Thanks to the patch my 360 controller keeps vibrating when an explosion is near.
Does anyone know how to turn off the vibration? I don't like disconnecting my controller every time I play BF3.


----------



## SonDa5

Quote:


> Originally Posted by *shad0wfax*
> 
> You might find one used on eBay or at a game store. Alot of people bought them as Downloadable through Origin and I'm not sure that I'd trust buying one second-hand in that situation.


Bought it from Origin for $30.


----------



## Intel4Life

Quote:


> Originally Posted by *michintom*
> 
> Thanks to the patch my 360 controller keeps vibrating when an explosion is near.
> Does anyone know how to turn off the vibration?

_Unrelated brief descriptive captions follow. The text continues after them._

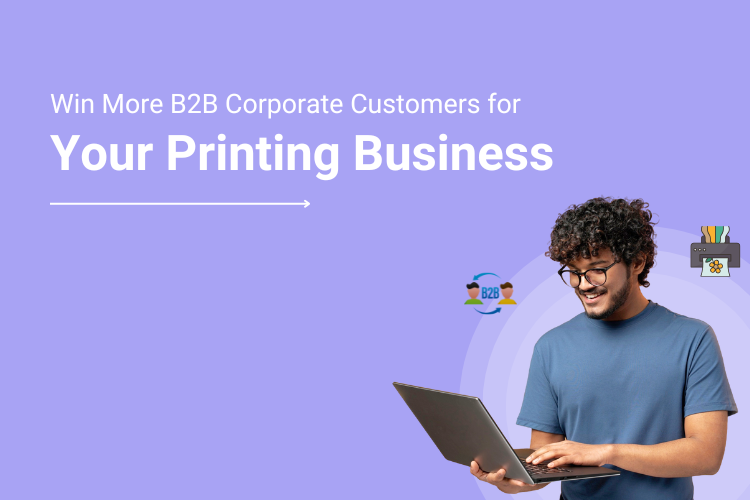 Win More B2B Corporate Customers For Your Printing Business With A Self-Service Web To Print Storefront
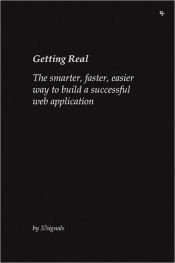 book cover of Getting Real: The smarter, faster, easier way to build a successful web application by 37signals et al.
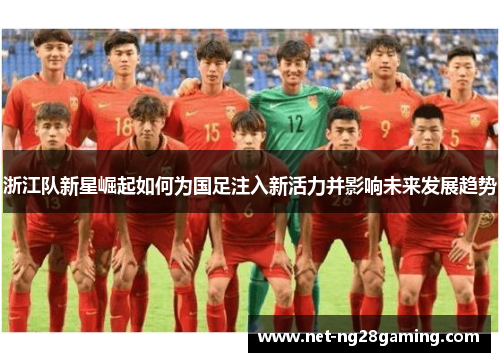 浙江队新星崛起如何为国足注入新活力并影响未来发展趋势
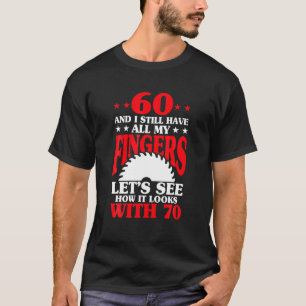 T-shirt 60E Anniversaire Carpenter - Funny 60E Anniversair
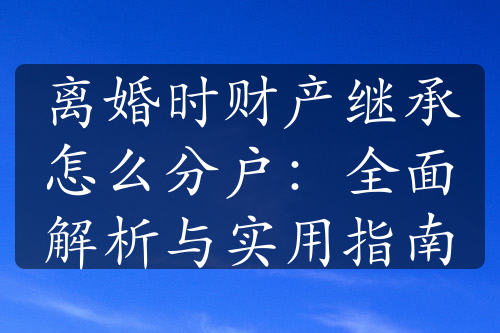 离婚时财产继承怎么分户：全面解析与实用指南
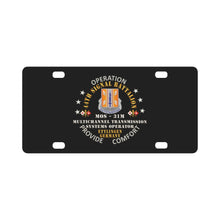 Load image into Gallery viewer, Army - 44th Signal Bn - MOS 31M w Opn Provide Comfort - Ettlingen GE X 300DPI Classic License Plate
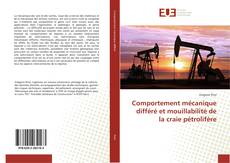 Capa do livro de Comportement mécanique différé et mouillabilité de la craie pétrolifère 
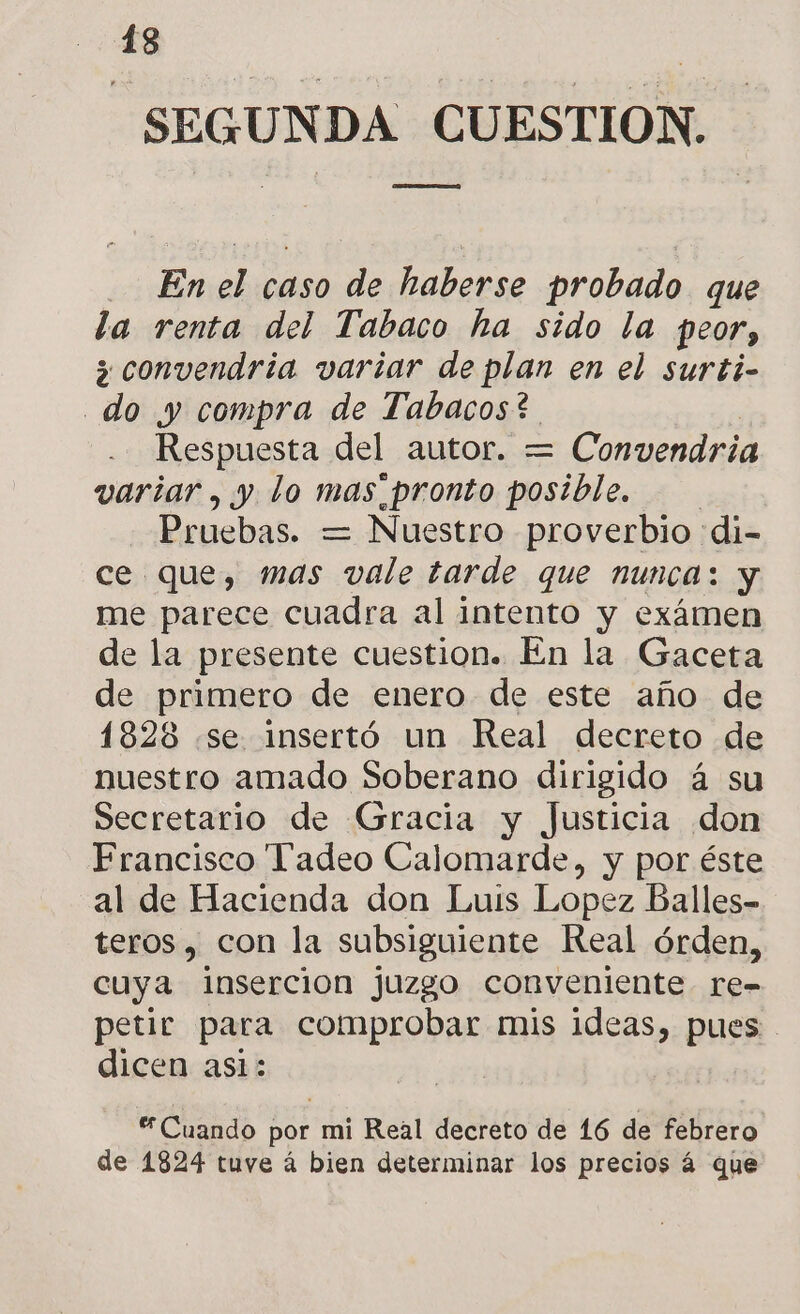 SEGUNDA CUESTION. Pz En le caso de haberse probado que la renta del Tabaco ha sido la peor, 3 convendria variar de plan en el surti- do y compra de Tabacos? Respuesta del autor. = Convendria variar, y lo mas pronto posible. Pruebas. = Nuestro proverbio di- ce que, mas vale tarde que nunca: y me parece cuadra al intento y exámen de la presente cuestion. En la Gaceta de primero de enero de este año de 1828 «se insertó un Real decreto de nuestro amado Soberano dirigido á su Secretario de Gracia y Justicia don Francisco Tadeo Calomarde, y por éste al de Hacienda don Luis Lopez Balles- teros , con la subsiguiente Real órden, cuya Insercion juzgo conveniente re- petir para comprobar mis ideas, pues dicen asi: Cuando por mi Real decreto de 16 de febrero de 1824 tuve á bien determinar los precios á que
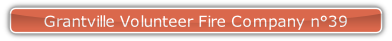 Grantville Volunteer Fire Company n°39.
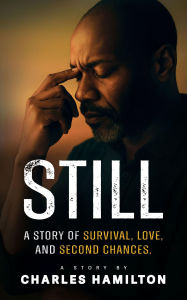 Title: Still: A Story of Survival, Love, And Second Chances, Author: Charles Hamilton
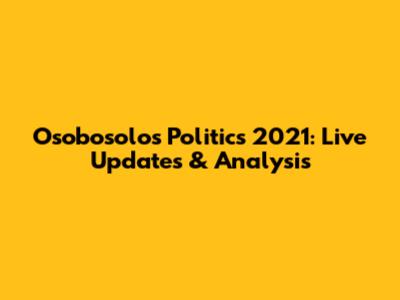Osobosolos Politics 2021: Live Updates & Analysis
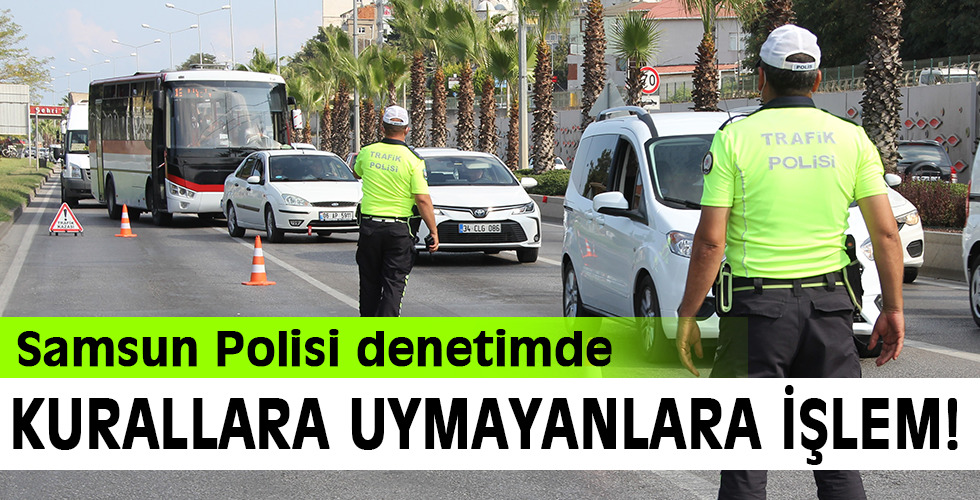 Samsun Polisi denetimde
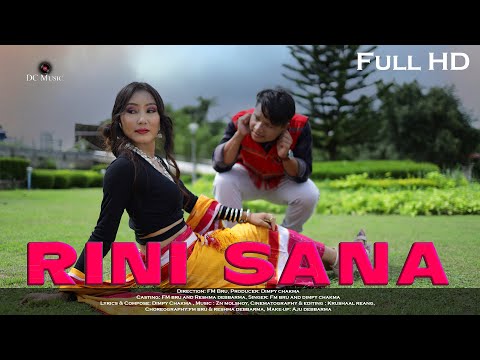 RINI SANA|| OFFICIAL CHAKMA MUSIC VIDEO || &nbsp;DIMPY CHAKMA|| &nbsp; FM BRU &amp; RESHMA DEBBARMA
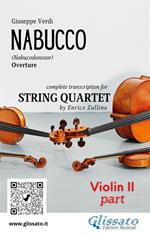 Nabucco. Overture. Transcription for string quartet. Parte di violino II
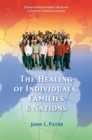The Healing of Individuals, Families & Nations : Transgenerational Healing & Family Constellations Book 1 - Book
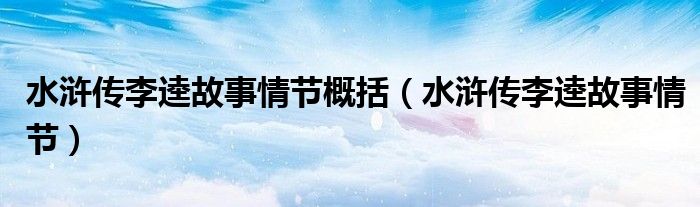 水浒传李逵故事情节概括(水浒传李逵故事情节)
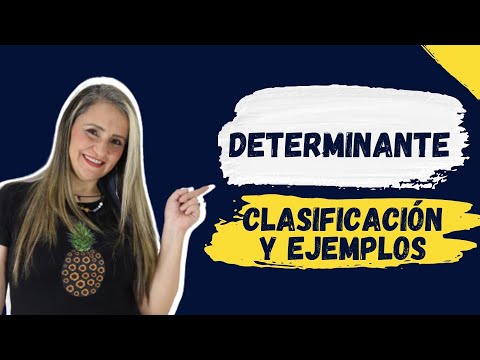 ¿Cuál es la clasificación de los determinantes?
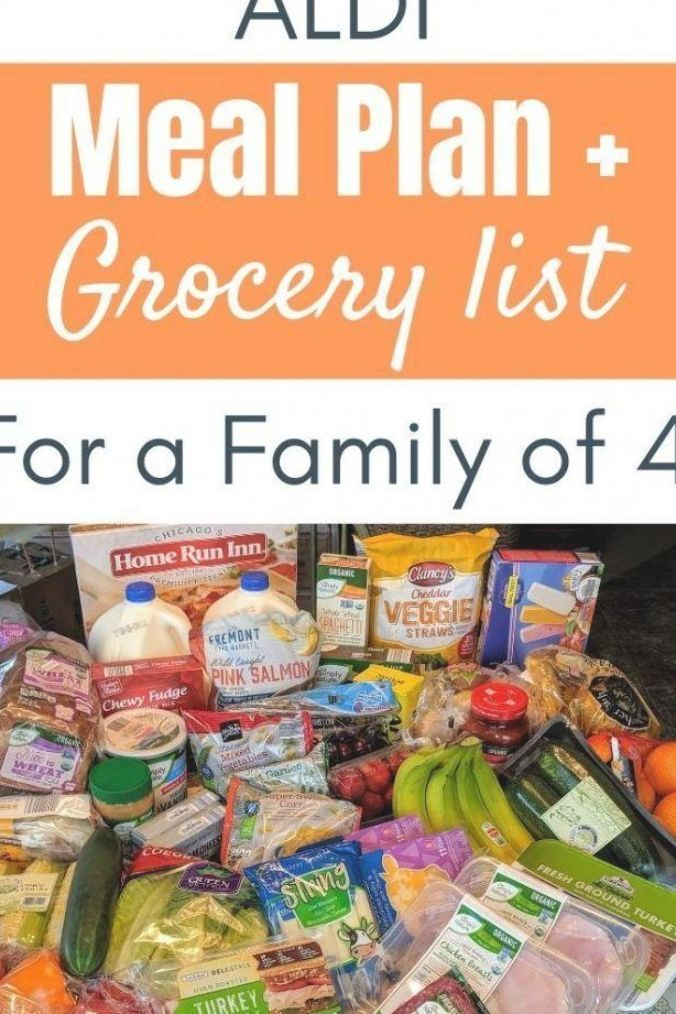 Aldi Grocery List And Weekly Meal Plan For A Family Of Four On A Budget 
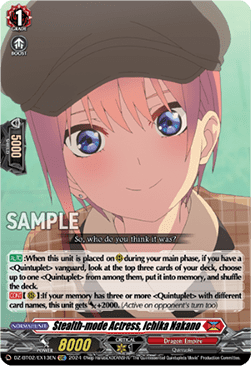 Stealth-mode Actress, Ichika Nakano - Illusionless Strife (Special EX) [DZ-BT02-EX13]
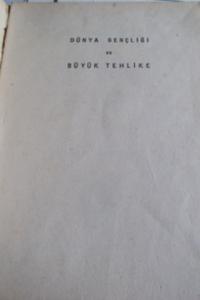 Dünya Gençliği ve Büyük Tehlike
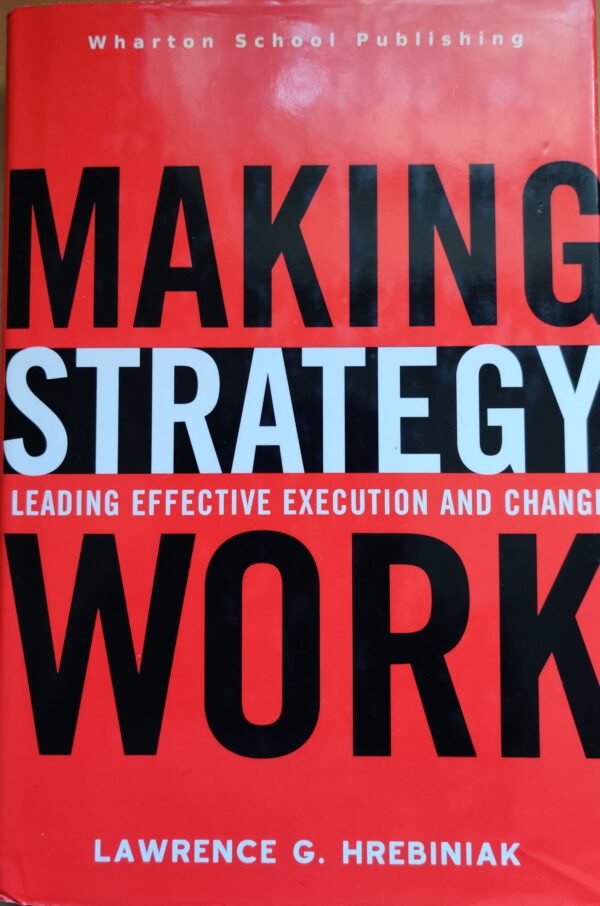 Making Strategy Work: Leading Effective Execution and Change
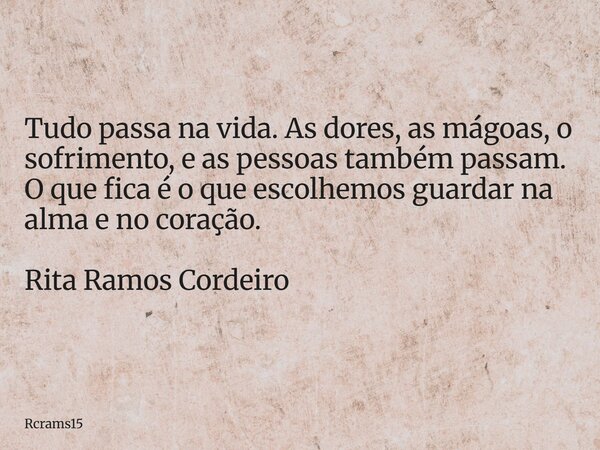 Tudo passa na vida. As dores, as mágoas, o sofrimento, e as pessoas também passam. O que fica é o que escolhemos guardar na alma e no coração. Rita Ramos Cordei... Frase de rcrams15.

I don't like disconnecting my controller every time I play BF3.


Download the newest version.
http://bf3.realmware.co.uk/settings-editor/downloads

Screenshot showing settings for vibration









Direct link


----------



## goldman11

any external links to download this?

every time I try it from origin it starts the download and pauses it then says its finished when it didn't do anything..


----------



## llama16

Could someone help me with this: since installing 22-11 patch, I can't even play the game for half around before 'BF3.exe stopped working'. This happened before after 2-3 rounds but now it's way to frequent, I can NEVER finish a round.

The game ran and runs ultra smooth with the system in my sig (I now have 4GB of ram though). But it constantly freezes/crashes/...
I'm pissed,

any fixes?


----------



## xutnubu

Quote:


> Originally Posted by *llama16*
> 
> Could someone help me with this: since installing 22-11 patch, I can't even play the game for half around before 'BF3.exe stopped working'. This happened before after 2-3 rounds but now it's way to frequent, I can NEVER finish a round.
> The game ran and runs ultra smooth with the system in my sig (I now have 4GB of ram though). But it constantly freezes/crashes/...
> I'm pissed,
> any fixes?


Re-install the game.

I had a worse experience. Mine just stop working at all. "BF3.exe stopped working" even when launching the campaing, or coop, everything. I re-installed it and problem solved. But I still get the black screen and random crashes.


----------



## BLACKBIRD002

Quote:


> Originally Posted by *Wildcard36qs*
> 
> Wheres the end of round chat? I really want that and able to adjust loadouts inbetween rounds.


THIS

the only one big thing wrong with BF3


----------



## Riggs.

Just noticed this the other day.

The heavy barrel for rifles is pretty stupid. It makes no sense. I originally used it because I thought, like in real life, that the heavier barrel would decrease recoil. Instead, in the game, it's good for long range but it increases recoil.

Umm, that makes no sense. Recoil is most usually muzzle rise, a heavier barrel counteracts that(you know, using the force of gravity) and actually makes the weapon more manageable recoil wise.

I know it's a game, but it doesn't make sense. I honestly never bothered to look at the description because I just assumed it was there for the same reason they put barrel weights on the end of 1911's and make sure to have well weighted rifles.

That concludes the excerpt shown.